When I was writing my piece for Table Matters about the Grey Poupon ad campaigns, I kept remembering how much my family got a kick out of imitating the accents in the 1980s commercial: Pardon me, but do you have any Grrrrey Pou-pon? It wasn’t just us: Wayne’s World poked fun at it too. Those accents, that ridiculous posh manner–just too much fun. (Which, of course, was the goal of the ad.)

When my mom read the article, she was reminded of a different commercial from the 80s that my brother and I parroted incessantly.  Whenever we recognized our neighborhood on the way back from a long car trip, we would intone “Almost Home Cookies. You can almost taste the recipe!”

I have no memory of that commercial, which is a run-of-the-mill husbands-are-from-Mars-wives-are-from-Venus dialogue, but I definitely remember the tagline. My brother and I are pretty good mimics and we had great fun trying on the confident and persuasive Grown Up Announcer voice.

Once reminded of this childhood tagline mimicry, I could recall a number of other jingles and taglines that had firmly embedded themselves in my childhood consciousness. Oddly, nearly all the examples I remember are commercials for food: in addition to Grey Poupon and Almost Home Cookies, I was also forever imitating–or even reenacting, with dolls or friends–the melodrama of my favorite Fig Newton commercial, which I cannot find anywhere on the internet. A man and a woman float on the sea (in a raft? a lifeboat? not sure); they have but a cookie and a Newton between them, and the man chivalrously offers to eat the cookie. The woman flings the cookie into the sea, saying “Not a bit of it Charles. We’ll share the Newton!” Share was a long drawl, a world of ahhhh in one syllable.

That ad had more appeal for me as a child than the other favorite Newton ad of the same period, also difficult to find online, in which a child crisply informs his mother that the snack he ate in bed was not a cookie but a “frrrruit Newton.” (Thus, he could not be chastised for eating cookies in bed.) Again with the posh accents–perhaps taking a cue from the Grey Poupon commercials?–but as a child, I was far less interested in other children than in dramatic, elegant scenes of adulthood. I also liked I Can’t Believe it’s Not Butter for this reason: before the long-running series of Fabio commercials, I Can’t Believe It’s Not Butter staged romantic scenes of departing trains and ballrooms. In fact, I recall storyboarding one of these ads in one of my numerous grade school notebooks: as though I were going to include it in a movie script, I wrote down the setting (ballroom) and the scenery (chandeliers, fog) and sketched the dancers (although I drew them in the lift pose from Dirty Dancing). Why? I can’t remember. I can only conjecture.

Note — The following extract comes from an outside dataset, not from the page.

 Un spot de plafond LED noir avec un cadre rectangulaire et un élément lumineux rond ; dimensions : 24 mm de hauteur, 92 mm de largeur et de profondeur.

When I’ve taught advertising analysis in college composition courses, we tend to examine ads in light of the consumer desire they are meant to invoke. But the consumer we had in mind was always an adult: we’d imagine I Can’t Believe It’s Not Butter trying to seduce women by promising of a spread with the decadence taste of butter but fewer calories; we’d discuss the ways the British upper crust in Newton ads, as in the Grey Poupon ads, are meant to solicit our humor and envy at the same time. But I’m astonished to think of how deeply these ads deeply affected my childhood self, without having any of the pull they are intended to have for adults. Instead, they represented a glimpse into adulthood–a theatrical, appealing variety of adulthood–that were easily accessible (airtime during family television programming) and digestible (being short, and punchy). The memorable ones tend to have a story–in 30 seconds, they lay the scene and set the stakes–so for a child who loves stories, these commercials are candy, quick fixes. (The storyboarding incident suggests that I was learning a lot about narrative from television advertising, which is kind of neat but also kind of alarming.)

Those are my theories, anyhow. What commercials do you remember from your youth? What made them memorable? Or, from those of you that have children, I’d be very interested to know whether there are any television ads that your children repeat and reenact in this way.